取り敢えず思い浮かべるのは、身近な愛する人々の顔である。
その人たちのためになら、その人たちと一緒なら、その人たちが観ていてくれるのなら、どんな逆境にも耐えて踊れる。
しかし、私を突き動かし、しっかりと支えてくれる、もっともっと大きな力を感じる時がある。
私の体内の隅々にまで酸素を運んでくれる赤血球が、どんな形をしているのかは知らない。
だが、見ず知らずの人々、健常者も身障者も、いろんな人々がいてくれると云うことが、私と云うちっぽけなダンサーの存在を守ってくれているように思う。
一度もダンスなんか観てくれなくてもいい。
いろんな人がいてくれるだけでいい。
その人々がいる限り、私の体内には熱い血が駆け巡り、舞台を所狭しと暴れ回る大いなる力が湧いて来る。ヘトヘトの身体と、遠退く意識、滝のように流れ落ちる汗に耐え、何かに感謝しながら、踊ることが出来る。
木許恵介
子供の頃の将来の夢は?
私は3歳になる直前に父の生家のド田舎の大きな農家に引っ越しをしました。
2歳まで暮らした、小さな城下町の木造の市営住宅での生活が楽しくて堪らず、3歳になる時に、
「ああ、何も考えず無邪気でいられた幼き日々(!)の幸せな思い出よ。それと比較してこれからの人生は、たとえどんなことが起ころうとも、現在と云う時を体験している自分を常に意識しながら、醒めた感覚で生きてゆかなければならないんだな。
もうこれからは余生のようなモノか?」
と、漠然とそんなことを感じた記憶が有ります。
ん~、今を意識するが故に、却って今を生きられずにアガく幼児?
嫌なガキじゃね。
そのためか、何かになりたいなどと考えたことなどただの一度も無く、流されるままに諦めの「余生」を生きて来たら、アラ、気が付きゃ、いつの間にか今日まで過ごしてしまいましたよ。
うっかりしていた!
私は何になりたいのだろう?
ま、子供なんて無邪気でも何でもなく、抽象概念に囚われ悩むこともある。
それで却ってこんな出来損ないの人間が出来上がってしまった、と云う悪い例ですかね。
最近ハマっていることは?
月光浴。
地平線から昇る黄金の巨大な塊りと対峙する。
青い月の光に濡れながら、夜のプールで泳ぐ。
月を相手にビールを飲む。
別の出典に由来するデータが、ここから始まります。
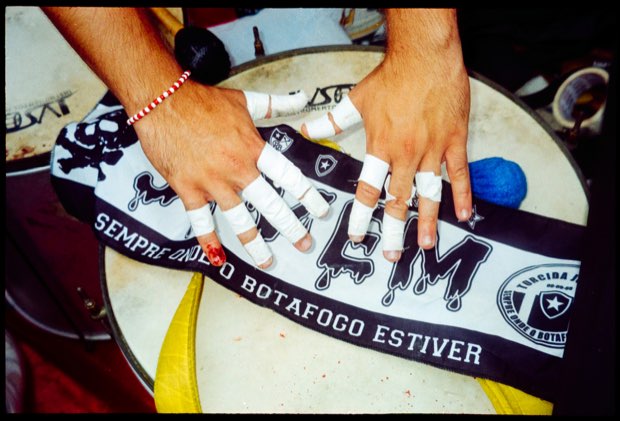 Duas mãos de dedos enfaixados apoiadas na pele de um surdo, sobre uma faixa de torcida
部屋の窓を開け放ち、一晩中、月の光に照らされて眠る。
夜明けに、薄っすらと水色に明るくなり始めた空に、最後の白い輝きを放ってやがて融けてゆく月を見て、別れを告げる。
また、糸のように細い月に驚く。
パチンと爪切りで切った、爪のカスみたいだなと笑う。
・・・
優しく強いエネルギーを全身に浴びながら暮らしていると、月よりの使者・月光仮面の気持ちが、だんだん解って来ました。
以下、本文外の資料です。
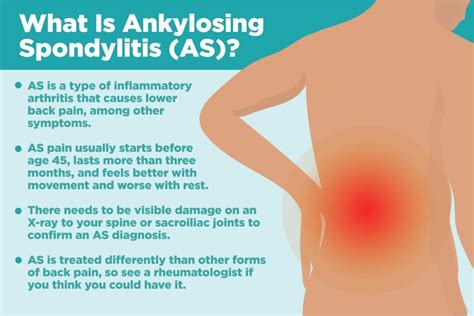 Ankylosing Spondylitis: About, Causes, and Treatments – CreakyJoints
体内に月光の力を蓄め込んで、世界の、とまでは行かないので、御町内の平和と幸福のためにオッサンは今日も闘うのじゃあ!
おりゃあ!
好きなブランドは?
「ゴキブリ・ホイホイ」
服も持ち物も、ブランドなんて一切気にしたことも有りませんでしたが、このあいだ商店街で安売りしていた「激獲れ」とか何とか云うゴキブリ獲りを買って来て仕掛けたところ、何~んも効きゃしない。奴ら、んなモン蹴っ飛ばして歩き回ってやすぜ。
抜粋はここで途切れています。